## WORK REQUIRED
Using the records below, give again exactly the lines from the line that contains "Apartment Flataid Gaestehaus" through the line that contains "Lenovo X1 Yoga", both ends included, and only those.

*** Opening of DATA ***

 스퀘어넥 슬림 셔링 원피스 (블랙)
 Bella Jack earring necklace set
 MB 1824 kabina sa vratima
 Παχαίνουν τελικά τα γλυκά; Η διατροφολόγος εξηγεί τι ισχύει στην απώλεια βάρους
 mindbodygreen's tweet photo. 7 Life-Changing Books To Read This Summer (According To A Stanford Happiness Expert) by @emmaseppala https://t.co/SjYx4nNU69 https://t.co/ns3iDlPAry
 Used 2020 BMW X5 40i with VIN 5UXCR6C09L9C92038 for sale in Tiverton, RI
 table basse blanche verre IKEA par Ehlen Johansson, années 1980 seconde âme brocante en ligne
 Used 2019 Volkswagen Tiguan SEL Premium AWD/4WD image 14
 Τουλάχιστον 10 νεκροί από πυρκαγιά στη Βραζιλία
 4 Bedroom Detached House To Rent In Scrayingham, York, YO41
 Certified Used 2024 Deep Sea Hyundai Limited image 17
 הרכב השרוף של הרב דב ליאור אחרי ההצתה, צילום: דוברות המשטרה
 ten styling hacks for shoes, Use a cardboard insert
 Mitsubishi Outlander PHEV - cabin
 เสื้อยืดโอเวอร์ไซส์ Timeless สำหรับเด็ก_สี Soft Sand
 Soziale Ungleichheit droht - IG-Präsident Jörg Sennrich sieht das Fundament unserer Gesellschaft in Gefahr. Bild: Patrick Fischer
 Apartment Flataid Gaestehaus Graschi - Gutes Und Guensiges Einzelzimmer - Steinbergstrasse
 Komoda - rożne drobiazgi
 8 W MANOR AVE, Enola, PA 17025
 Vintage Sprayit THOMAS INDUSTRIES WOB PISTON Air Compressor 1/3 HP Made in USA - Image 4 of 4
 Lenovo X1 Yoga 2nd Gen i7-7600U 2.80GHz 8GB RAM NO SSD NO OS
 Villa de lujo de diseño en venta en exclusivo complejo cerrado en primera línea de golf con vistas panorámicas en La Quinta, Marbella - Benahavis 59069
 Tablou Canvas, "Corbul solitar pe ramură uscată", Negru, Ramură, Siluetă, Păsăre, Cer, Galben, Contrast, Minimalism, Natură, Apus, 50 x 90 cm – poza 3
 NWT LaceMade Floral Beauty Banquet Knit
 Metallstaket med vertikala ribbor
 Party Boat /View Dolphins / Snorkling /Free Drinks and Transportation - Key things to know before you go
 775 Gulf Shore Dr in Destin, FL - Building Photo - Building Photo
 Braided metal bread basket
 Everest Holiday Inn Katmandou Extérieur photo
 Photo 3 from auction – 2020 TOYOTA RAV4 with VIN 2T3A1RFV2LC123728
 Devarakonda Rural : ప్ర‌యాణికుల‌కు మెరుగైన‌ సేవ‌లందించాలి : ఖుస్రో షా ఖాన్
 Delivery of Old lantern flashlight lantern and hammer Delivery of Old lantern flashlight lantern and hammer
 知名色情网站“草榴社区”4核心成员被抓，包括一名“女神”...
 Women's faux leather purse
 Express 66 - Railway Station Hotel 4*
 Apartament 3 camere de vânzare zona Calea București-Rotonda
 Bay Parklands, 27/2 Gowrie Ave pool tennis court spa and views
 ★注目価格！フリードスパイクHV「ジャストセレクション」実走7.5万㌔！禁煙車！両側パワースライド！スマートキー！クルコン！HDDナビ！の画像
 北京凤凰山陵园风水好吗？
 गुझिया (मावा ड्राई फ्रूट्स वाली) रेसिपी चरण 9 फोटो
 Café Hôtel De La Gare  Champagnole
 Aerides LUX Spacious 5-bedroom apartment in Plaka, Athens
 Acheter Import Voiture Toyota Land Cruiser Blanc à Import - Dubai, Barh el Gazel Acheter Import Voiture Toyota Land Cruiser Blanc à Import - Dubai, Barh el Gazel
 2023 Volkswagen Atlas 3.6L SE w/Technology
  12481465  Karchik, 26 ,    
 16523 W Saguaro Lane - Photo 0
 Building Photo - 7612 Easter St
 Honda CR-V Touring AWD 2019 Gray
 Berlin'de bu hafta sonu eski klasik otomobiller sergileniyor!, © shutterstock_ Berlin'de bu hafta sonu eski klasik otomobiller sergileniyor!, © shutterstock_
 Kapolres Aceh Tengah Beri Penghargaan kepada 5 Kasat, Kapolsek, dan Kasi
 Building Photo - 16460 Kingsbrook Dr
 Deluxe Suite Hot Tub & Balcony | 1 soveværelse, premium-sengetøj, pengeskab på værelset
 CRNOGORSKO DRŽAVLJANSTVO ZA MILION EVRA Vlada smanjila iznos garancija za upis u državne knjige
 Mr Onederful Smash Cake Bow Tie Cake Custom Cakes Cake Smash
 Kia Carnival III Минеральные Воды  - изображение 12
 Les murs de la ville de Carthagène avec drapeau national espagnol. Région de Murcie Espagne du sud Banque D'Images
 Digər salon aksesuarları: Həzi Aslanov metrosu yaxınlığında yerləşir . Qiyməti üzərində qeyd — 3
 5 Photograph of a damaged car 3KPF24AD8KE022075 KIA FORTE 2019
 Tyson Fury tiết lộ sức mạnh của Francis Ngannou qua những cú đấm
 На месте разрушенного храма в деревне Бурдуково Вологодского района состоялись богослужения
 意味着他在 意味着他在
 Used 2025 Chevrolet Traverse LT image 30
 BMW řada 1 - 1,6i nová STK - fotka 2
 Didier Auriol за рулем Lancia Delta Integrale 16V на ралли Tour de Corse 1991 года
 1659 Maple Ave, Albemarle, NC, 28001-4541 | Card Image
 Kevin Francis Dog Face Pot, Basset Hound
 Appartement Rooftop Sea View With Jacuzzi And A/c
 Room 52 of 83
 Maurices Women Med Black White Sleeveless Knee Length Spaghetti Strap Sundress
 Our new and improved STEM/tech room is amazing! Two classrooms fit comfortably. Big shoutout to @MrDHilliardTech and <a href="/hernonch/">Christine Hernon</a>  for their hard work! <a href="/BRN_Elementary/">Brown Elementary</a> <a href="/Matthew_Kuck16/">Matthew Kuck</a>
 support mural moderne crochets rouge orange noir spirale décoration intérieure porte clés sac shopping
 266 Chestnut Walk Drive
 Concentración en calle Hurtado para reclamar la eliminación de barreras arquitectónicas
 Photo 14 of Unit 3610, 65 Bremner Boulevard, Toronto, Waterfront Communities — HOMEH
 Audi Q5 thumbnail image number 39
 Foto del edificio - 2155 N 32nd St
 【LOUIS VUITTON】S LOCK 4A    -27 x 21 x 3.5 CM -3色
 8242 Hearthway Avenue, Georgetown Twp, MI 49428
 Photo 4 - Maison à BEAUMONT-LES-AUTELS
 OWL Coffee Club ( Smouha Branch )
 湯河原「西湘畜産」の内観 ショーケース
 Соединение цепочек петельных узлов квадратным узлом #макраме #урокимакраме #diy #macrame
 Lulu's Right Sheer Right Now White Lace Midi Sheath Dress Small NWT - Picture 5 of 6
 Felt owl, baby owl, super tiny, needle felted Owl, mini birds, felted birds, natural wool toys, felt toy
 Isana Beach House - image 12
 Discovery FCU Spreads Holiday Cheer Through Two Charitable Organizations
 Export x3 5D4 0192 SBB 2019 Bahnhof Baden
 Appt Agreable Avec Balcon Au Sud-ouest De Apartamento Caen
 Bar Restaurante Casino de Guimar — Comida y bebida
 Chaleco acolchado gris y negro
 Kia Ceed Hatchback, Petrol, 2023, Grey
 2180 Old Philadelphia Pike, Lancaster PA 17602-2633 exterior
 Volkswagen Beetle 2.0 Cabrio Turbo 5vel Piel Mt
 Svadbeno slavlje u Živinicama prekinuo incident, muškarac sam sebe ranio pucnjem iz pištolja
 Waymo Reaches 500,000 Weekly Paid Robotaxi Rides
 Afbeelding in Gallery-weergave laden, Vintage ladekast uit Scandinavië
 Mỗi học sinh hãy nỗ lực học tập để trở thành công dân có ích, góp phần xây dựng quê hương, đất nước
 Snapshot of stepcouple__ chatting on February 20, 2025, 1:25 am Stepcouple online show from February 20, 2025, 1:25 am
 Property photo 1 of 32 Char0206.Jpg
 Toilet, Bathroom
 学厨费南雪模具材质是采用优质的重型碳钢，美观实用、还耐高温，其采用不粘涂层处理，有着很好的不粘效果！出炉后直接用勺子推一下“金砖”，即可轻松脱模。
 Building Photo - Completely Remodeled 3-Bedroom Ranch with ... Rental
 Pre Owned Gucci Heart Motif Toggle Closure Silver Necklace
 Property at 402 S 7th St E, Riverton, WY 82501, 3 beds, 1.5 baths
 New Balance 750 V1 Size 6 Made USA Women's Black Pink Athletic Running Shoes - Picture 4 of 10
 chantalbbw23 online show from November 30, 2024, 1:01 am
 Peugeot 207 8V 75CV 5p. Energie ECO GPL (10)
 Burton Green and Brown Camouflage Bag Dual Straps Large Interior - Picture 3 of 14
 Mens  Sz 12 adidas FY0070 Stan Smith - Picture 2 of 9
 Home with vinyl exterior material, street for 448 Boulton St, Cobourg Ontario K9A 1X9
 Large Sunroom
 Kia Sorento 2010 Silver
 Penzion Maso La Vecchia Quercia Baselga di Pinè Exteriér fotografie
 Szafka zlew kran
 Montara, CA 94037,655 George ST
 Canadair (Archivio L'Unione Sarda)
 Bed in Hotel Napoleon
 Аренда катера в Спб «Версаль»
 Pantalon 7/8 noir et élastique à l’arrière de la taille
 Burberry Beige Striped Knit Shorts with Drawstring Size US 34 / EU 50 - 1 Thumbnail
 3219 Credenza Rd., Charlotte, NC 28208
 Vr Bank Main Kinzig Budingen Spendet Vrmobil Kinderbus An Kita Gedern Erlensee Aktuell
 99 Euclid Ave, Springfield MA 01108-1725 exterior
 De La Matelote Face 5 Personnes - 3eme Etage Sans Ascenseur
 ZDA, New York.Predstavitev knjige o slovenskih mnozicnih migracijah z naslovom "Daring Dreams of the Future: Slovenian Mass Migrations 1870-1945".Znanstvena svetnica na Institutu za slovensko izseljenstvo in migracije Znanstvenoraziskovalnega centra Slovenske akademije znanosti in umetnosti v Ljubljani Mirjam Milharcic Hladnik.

*** Close of DATA ***

## THE ANSWER
 Apartment Flataid Gaestehaus Graschi - Gutes Und Guensiges Einzelzimmer - Steinbergstrasse
 Komoda - rożne drobiazgi
 8 W MANOR AVE, Enola, PA 17025
 Vintage Sprayit THOMAS INDUSTRIES WOB PISTON Air Compressor 1/3 HP Made in USA - Image 4 of 4
 Lenovo X1 Yoga 2nd Gen i7-7600U 2.80GHz 8GB RAM NO SSD NO OS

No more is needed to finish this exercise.